Text-to-image models like DALL-E and Stable Diffusion contain deep neural networks trained on vast datasets to generate realistic images from text captions. They optimize text embeddings and image latents to align the generated image with the text description.
However, these models struggle to maintain consistency across multiple images of the same character, even when given similar text prompts. For instance, asking the model to generate "a white cat" may produce cats with differing fur patterns, colors, poses, etc. in each image.
This inability to preserve identity coherence poses challenges for applications like:
- Illustrating stories or textbooks with recurring characters
- Building unique brand personalities and mascots
- Designing video game assets and virtual characters
- Creating advertising campaigns with memorable spokespersons
Without consistency, characters change appearance unpredictably across images. Creators often resort to manual techniques like depicting the character in multiple poses first or carefully hand-picking the best results.
To enable fully automated consistent character generation, the researchers proposed an iterative technique that funnels the model's outputs into a single coherent identity.
Their key insight is that among a large set of images generated from the same text prompt, some will naturally share common visual features. The core of their approach involves identifying and extracting this common identity.
At a high level, their technique follows three repetitive steps:
- Generate many images for the input text prompt
- Cluster the image embeddings and find the most coherent cluster
- Refine the model's text embeddings to capture the identity in that cluster
By iterating this process, the model converges to a consistent representation of the character described in the text.
First, the method leverages a pre-trained text-to-image diffusion model (e.g. Stable Diffusion) to generate a batch of images from the input text prompt. Different random seeds are used so each image varies.
For example, given the prompt "A white cat with green eyes", the model may create 128 images, with cats in different poses and perspectives.
Next, each generated image is embedded in a high-dimensional feature space using a pre-trained feature extractor network.
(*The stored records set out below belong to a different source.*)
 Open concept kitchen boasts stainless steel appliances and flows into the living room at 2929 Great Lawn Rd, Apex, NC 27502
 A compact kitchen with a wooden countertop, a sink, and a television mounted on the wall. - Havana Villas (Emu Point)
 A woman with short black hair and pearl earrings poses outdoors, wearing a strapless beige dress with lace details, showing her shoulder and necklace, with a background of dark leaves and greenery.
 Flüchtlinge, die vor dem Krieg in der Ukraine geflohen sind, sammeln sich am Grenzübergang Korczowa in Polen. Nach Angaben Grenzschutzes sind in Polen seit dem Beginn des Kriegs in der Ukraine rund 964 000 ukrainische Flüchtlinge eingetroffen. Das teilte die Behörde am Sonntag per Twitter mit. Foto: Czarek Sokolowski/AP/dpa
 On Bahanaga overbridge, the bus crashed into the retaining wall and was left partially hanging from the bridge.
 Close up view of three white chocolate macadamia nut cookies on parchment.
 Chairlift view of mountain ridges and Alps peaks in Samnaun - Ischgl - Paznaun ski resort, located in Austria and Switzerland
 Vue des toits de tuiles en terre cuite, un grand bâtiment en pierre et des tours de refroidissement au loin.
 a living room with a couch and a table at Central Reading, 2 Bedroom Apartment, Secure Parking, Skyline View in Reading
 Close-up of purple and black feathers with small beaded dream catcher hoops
This condenses the image into a vector capturing its semantic identity.
These image embeddings are then clustered using K-Means clustering. The most coherent cluster is selected - i.e. the cluster with embeddings closest together. Images in this cluster likely share common visual characteristics.
The set of images in the selected cluster is used to refine the text-to-image model to capture their common identity. The researchers employ a technique called textual inversion to optimize new text embeddings specialized for that identity.
Additional model weights are also updated through a method called LoRA (low-rank adaptation) to better encode the specific visual features.
The above steps are repeated, with each iteration generating images using the refined model from the previous loop. The refined model produces outputs more aligned to the emerging identity, funneling generations into visual coherence.
The process terminates once the average similarity between generated images converges, indicating a stable identity has been captured.
The researchers quantitatively evaluated their approach against other methods on automatically generated prompts spanning diverse character types and artistic styles.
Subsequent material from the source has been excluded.